Supporters of requiring a warrant counter that they’ve picked up support thanks to the FBI’s past high-profile missteps in its use of the surveillance data, including attempts to check whether Black Lives Matter protesters had ties to foreign terrorists. Those fumbles led to internal reforms by the bureau, however, and some Judiciary Committee allies are now predicting they will lose the warrant fight.

Privacy advocates in the House GOP also pushed for a vote on banning data brokers from selling consumer information to law enforcement, but Republican leaders rolled out a version of the bill on Friday that effectively blocked their path.

Two party aides, both of whom were granted anonymity to speak candidly, linked the decision to forgo a vote on the data broker limits directly to Johnson’s office. Instead, the measure could come up this week as a stand-alone vote under suspension.
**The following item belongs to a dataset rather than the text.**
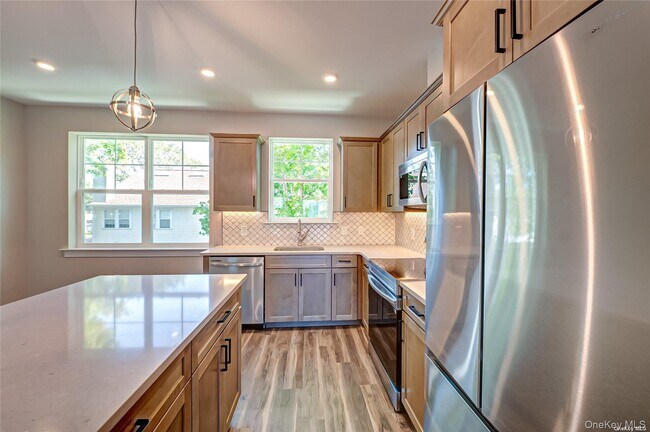 Building Photo - 1 Conklin St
It’s a U-turn from Johnson’s position in February on the data broker vote. Yet as angry as conservatives are about the data provision getting stripped this time, few of them expect that they can block the surveillance bill from the floor — a victory for Johnson, who is struggling with two-vote majority. It’s also a win for Intelligence Committee Republicans, who appeared to have gained ground after they threatened to block the speaker from taking up a wiretapping bill on his second attempt.

Instead, Johnson’s biggest challenge on the right is likely to be how heavily he lobbies members to oppose the warrant requirement amendment. Supporters of the amendment want Johnson to stay on the sidelines, viewing the current debate as their best shot to rein in the spy power given their party’s leeriness of the FBI and Justice Department.

Jordan predicted ” much more support for the warrant requirement amendment that may have been there in the past.”

If the amendment is added, though, it is all but guaranteed to spark fierce pushback from the Biden administration — which would likely then try to kill the bill in the Senate. Armstrong, a Judiciary Committee member, noted that he supports the warrant requirement but that “I don’t think it ever gets 60 votes in the Senate.”

And a Johnson staffer told a group of Republican staff on Monday that he opposes the amendment, according to two people familiar with the meeting, who both expected Johnson to make the case this week in other closed-door gatherings.